◆ Given data:

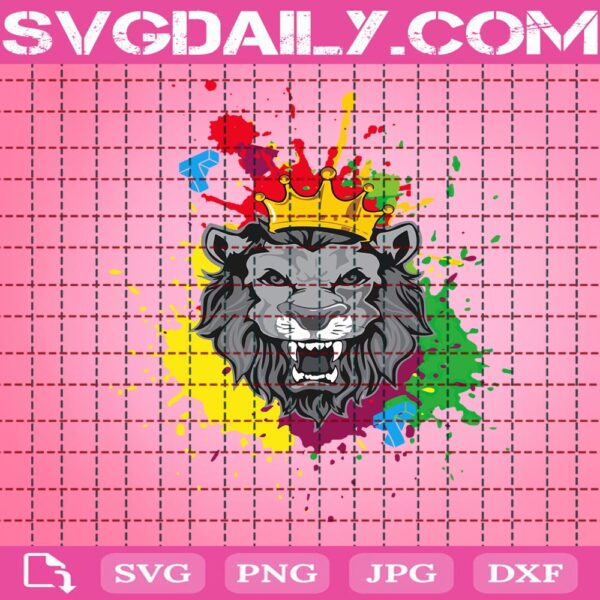 Lion Splash Svg, Lion Color Svg, Lion Svg, Lion King Svg, Lion Crown Svg, Svg Png Dxf Eps AI Digital Download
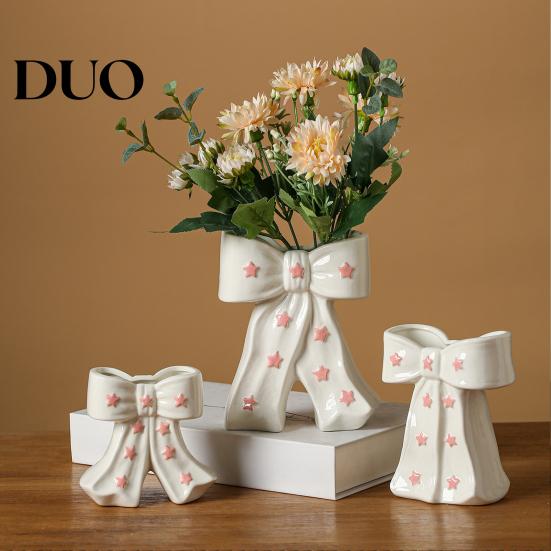 Dried Flower Holder Ceramic Bow Vase with Star, Decorative Flowers Vase, Creative Romantic Home Accessories Arrangement for Living Room Table
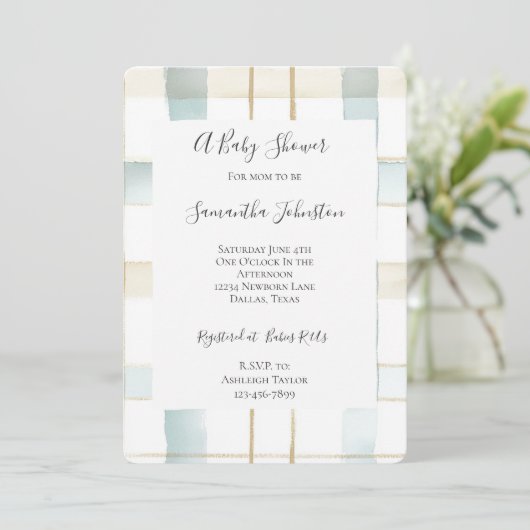 Blue Cream White Plaid Stripes Baby shower Kaart (Staand voorkant)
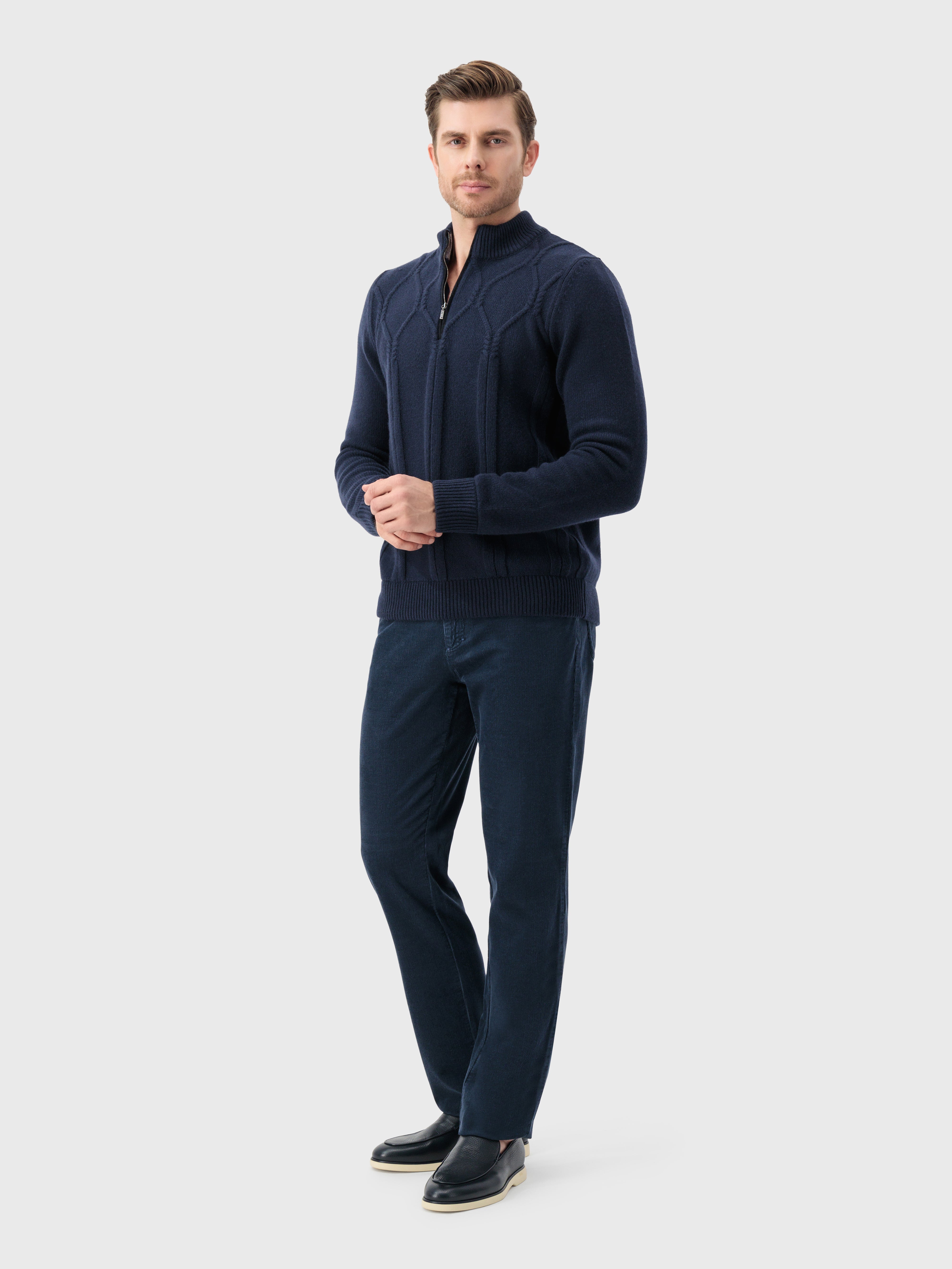 Mock Neck Zipped Cardigan with Rhombus Jacquard Weaving Dark Navy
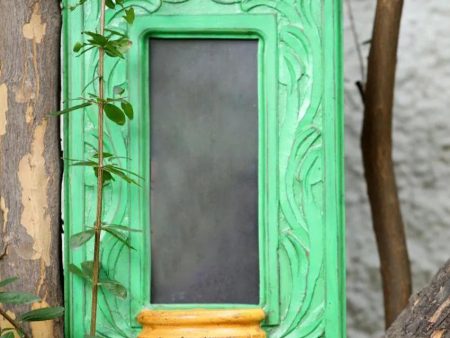 Green & Yellow Mango Wood Mirror For Discount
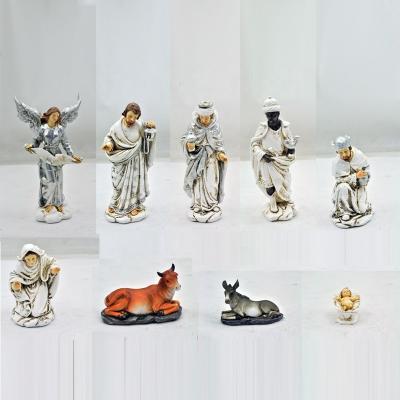 China Europe 9-Piece Religious Resin Christmas Nativity Figurine for sale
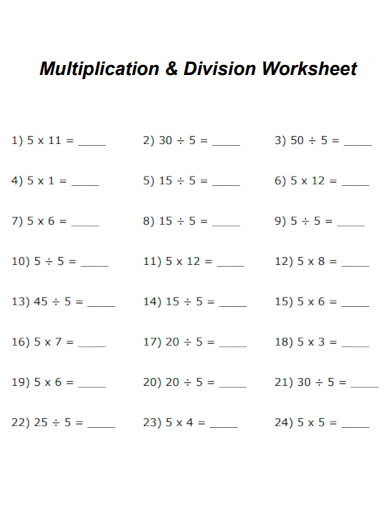 Multiplication and Division Worksheet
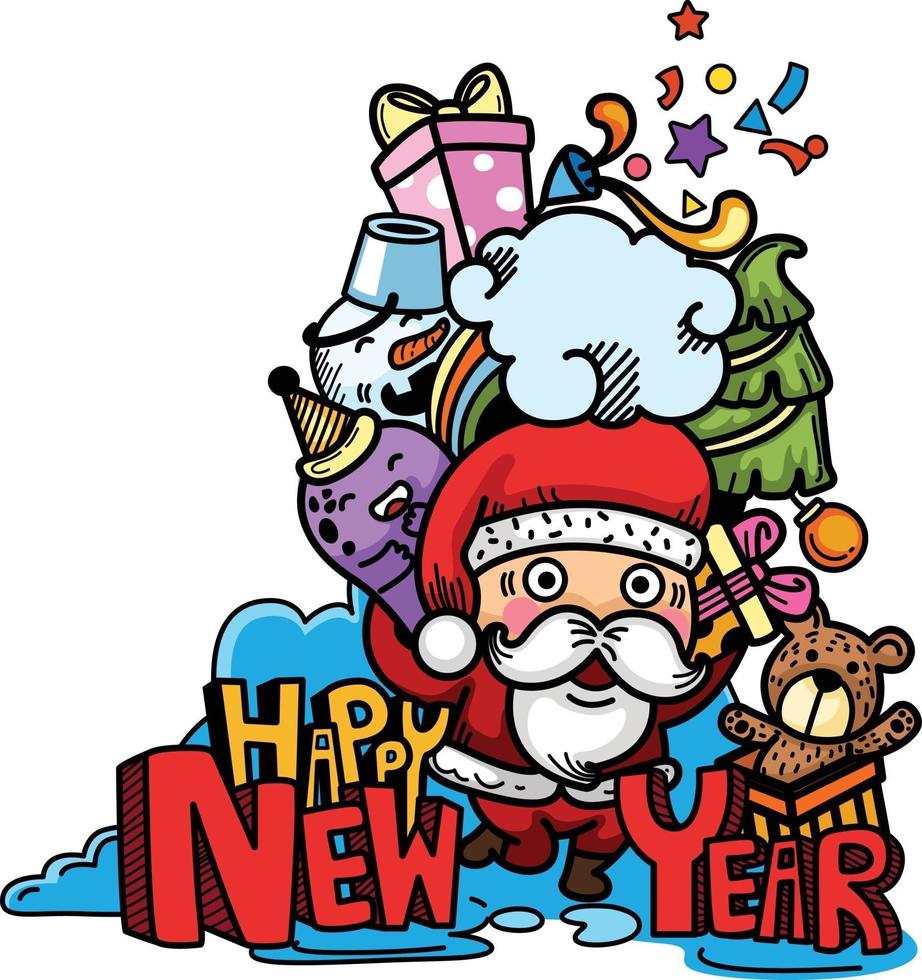 babbo natale disegnato a mano felice anno nuovo e buon natale vettore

◆ Work request:
Retype the listing above exactly as it appears, omitting the pictures.

◆ Solution for this problem:
 Lion Splash Svg, Lion Color Svg, Lion Svg, Lion King Svg, Lion Crown Svg, Svg Png Dxf Eps AI Digital Download
 Dried Flower Holder Ceramic Bow Vase with Star, Decorative Flowers Vase, Creative Romantic Home Accessories Arrangement for Living Room Table
 Blue Cream White Plaid Stripes Baby shower Kaart (Staand voorkant)
 Mock Neck Zipped Cardigan with Rhombus Jacquard Weaving Dark Navy
 Green & Yellow Mango Wood Mirror For Discount
 China Europe 9-Piece Religious Resin Christmas Nativity Figurine for sale
 Multiplication and Division Worksheet
 babbo natale disegnato a mano felice anno nuovo e buon natale vettore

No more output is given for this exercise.